Recensione del film Gran Turismo: il gioco di corse

Gran Turismo, la recensione del film basato sul racing game di Polyphony Digital e Sony

Emerge chiaramente come Sony stia profondamente coinvolta nella pratica di collegare strettamente molte delle sue famose serie di videogiochi (e, va detto, anche quelle meno conosciute) con altre produzioni. Ancora fresca nella nostra memoria è l’entusiasta accoglienza e il grande successo ottenuto dalla prima stagione di The Last of Us, creata da HBO. Proprio in questi giorni, stiamo celebrando i risultati sorprendenti della serie basata su Twisted Metal, appena distribuita su Peacock. Se ripercorriamo il passato, non possiamo dimenticare i tentativi iniziali, sebbene timidi e non del tutto soddisfacenti, di portare al cinema Ratchet & Clank e Uncharted.
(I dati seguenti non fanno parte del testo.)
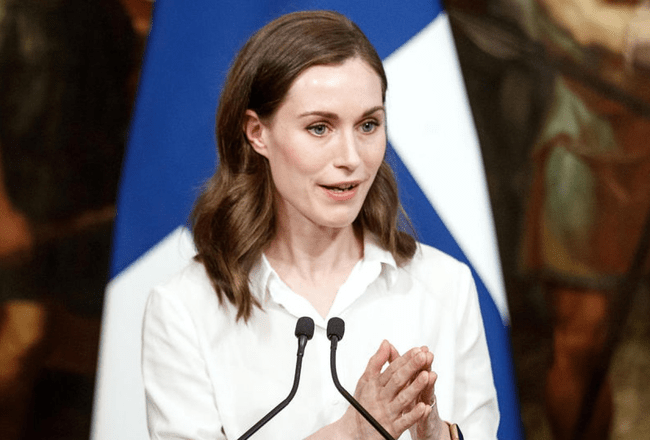 Solidaritate: femeile din Finlanda se filmează dansând după scandalul în care este implicată șefa guvernului, Sanna Marin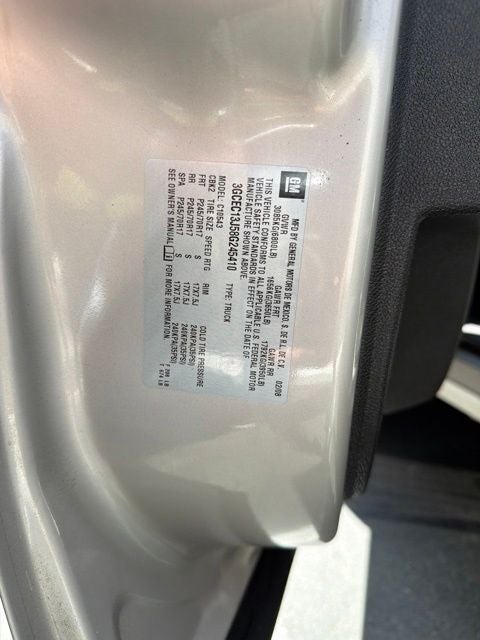 2008 Chevrolet Silverado 1500 LT LT1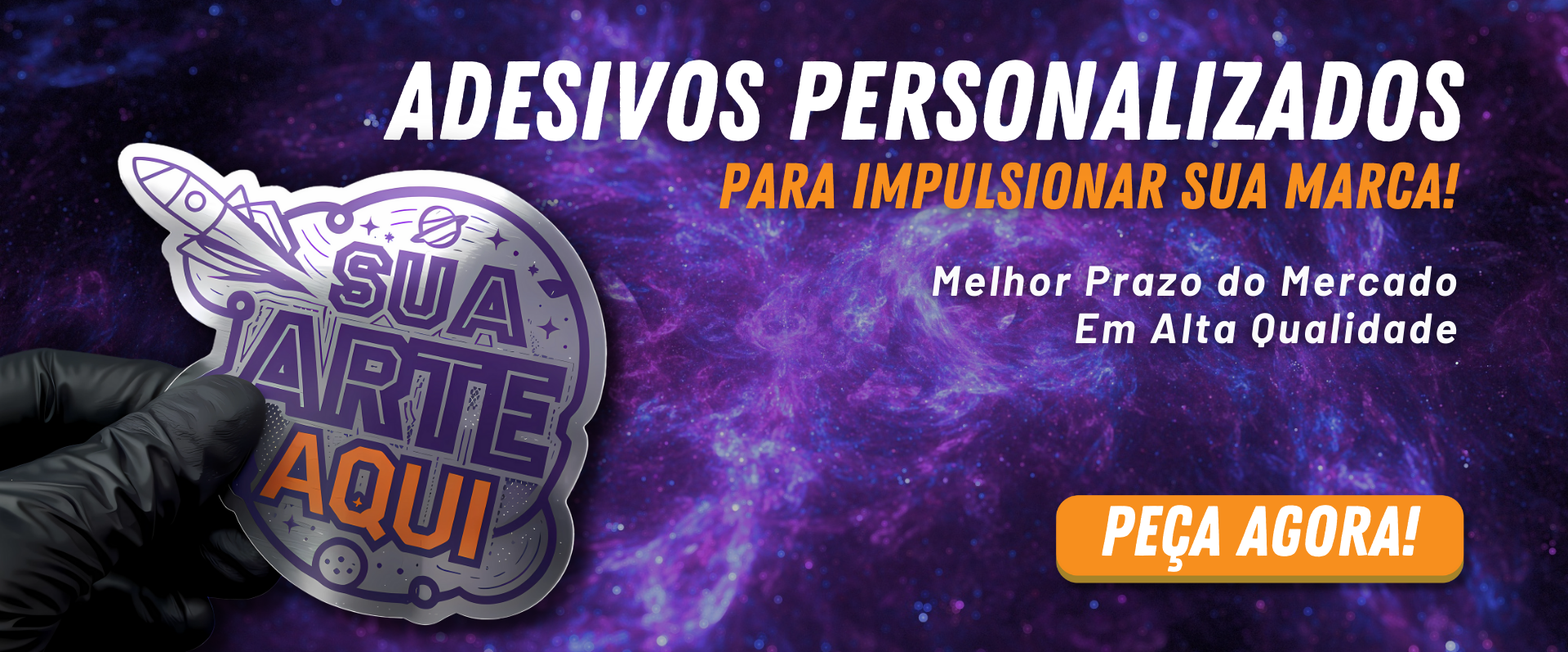 Adesivos Personalizados
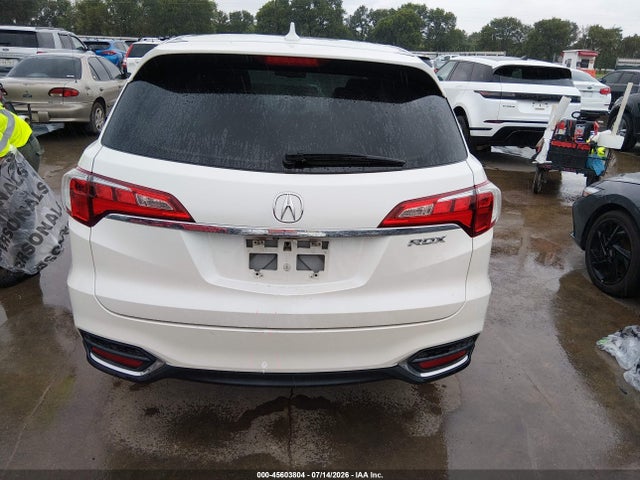 Продажа на аукционе авто 2017 Acura Rdx Acurawatch Plus Package, vin: 5J8TB3H30HL002690, номер лота: 45603804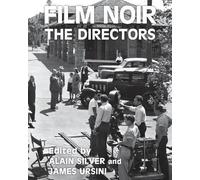 Alain Silver Film Noir the Directors (Tascabile) Limelight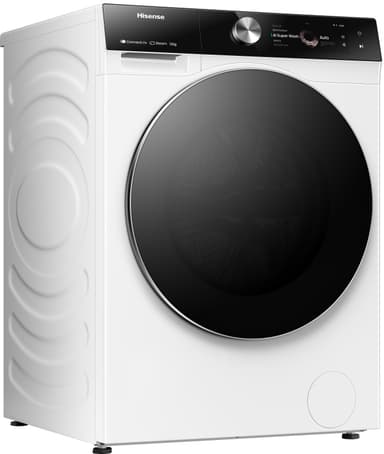Hisense Vaskemaskin WF7S1247BW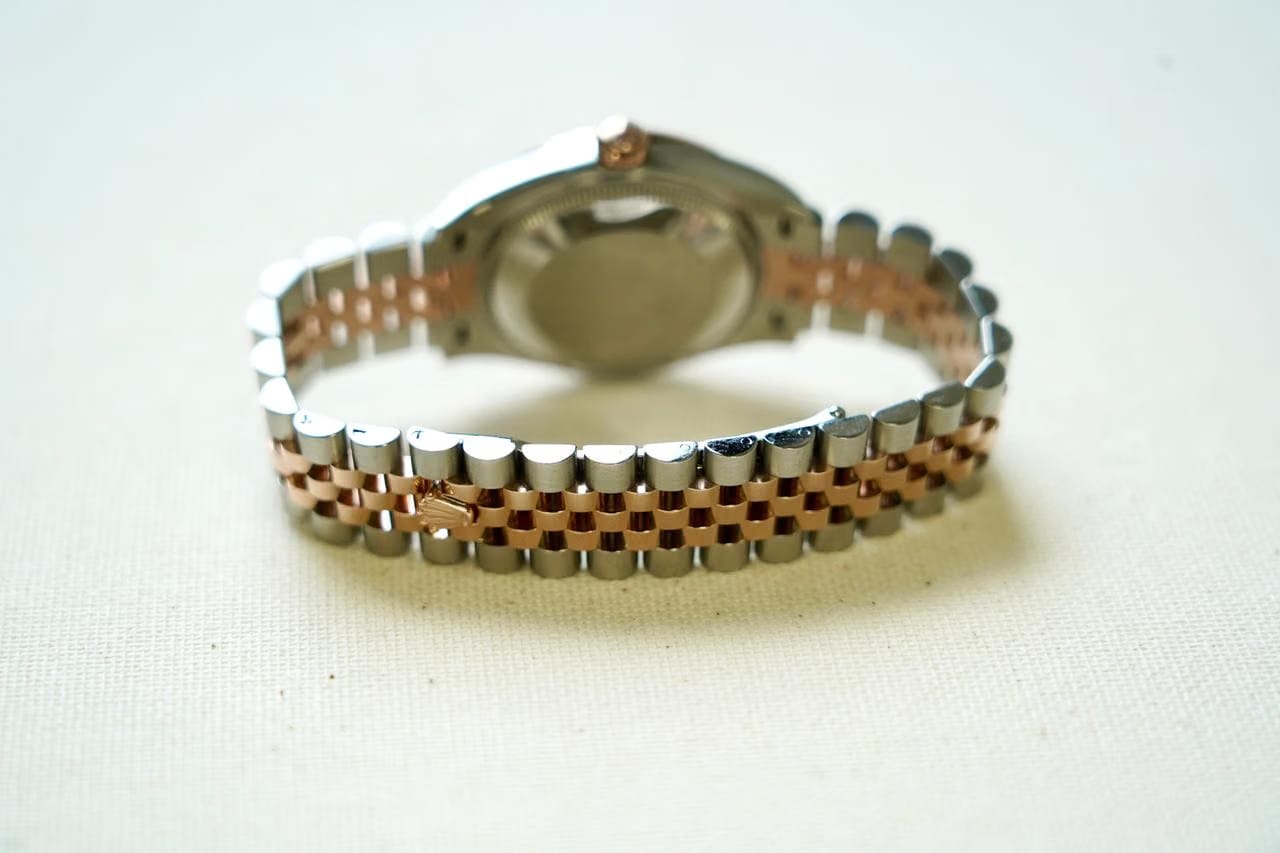Rolex | Datejust | 278271 | Steel | 31 x 37 mm | Gold/Steel | Grey | Automatic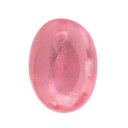 ロードクロサイト・ルース・カボッション・5×7・オーバル・天然石・希少石・インカローズ・0.97ct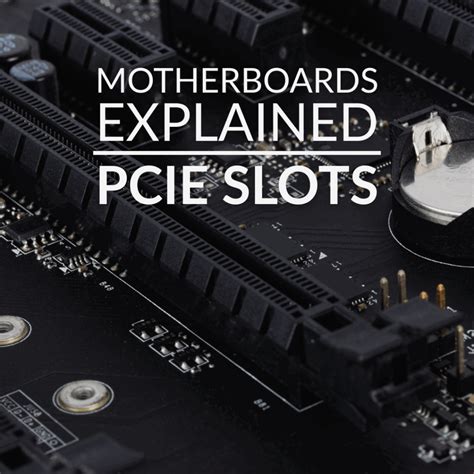 PCIe Slots Explained 的图像结果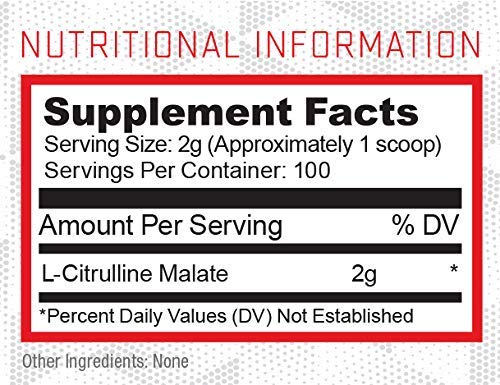 Purus Labs Foundation Series Citrulline Malate Powder | Active Amino Acid L-Citrulline Purus LabsAu supplements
Potremmo quasi considerare questo fenomeno come un’inversione del tradizionale legame tra settori, poiché da oltre un decennio un trend storico nel mercato degli anni ’80 e ’90 si è completamente ribaltato. In passato, erano i videogiochi a cercare di trarre vantaggio da famose pellicole, utilizzando nomi noti per attirare spettatori verso questa nuova forma di intrattenimento. Tuttavia, negli ultimi tempi, caratterizzati da una mancanza di idee e di originalità, è il cinema e il mondo delle serie in streaming che stanno cercando di coinvolgere l’ampio pubblico che dedica gran parte del proprio tempo libero al mondo dei videogiochi.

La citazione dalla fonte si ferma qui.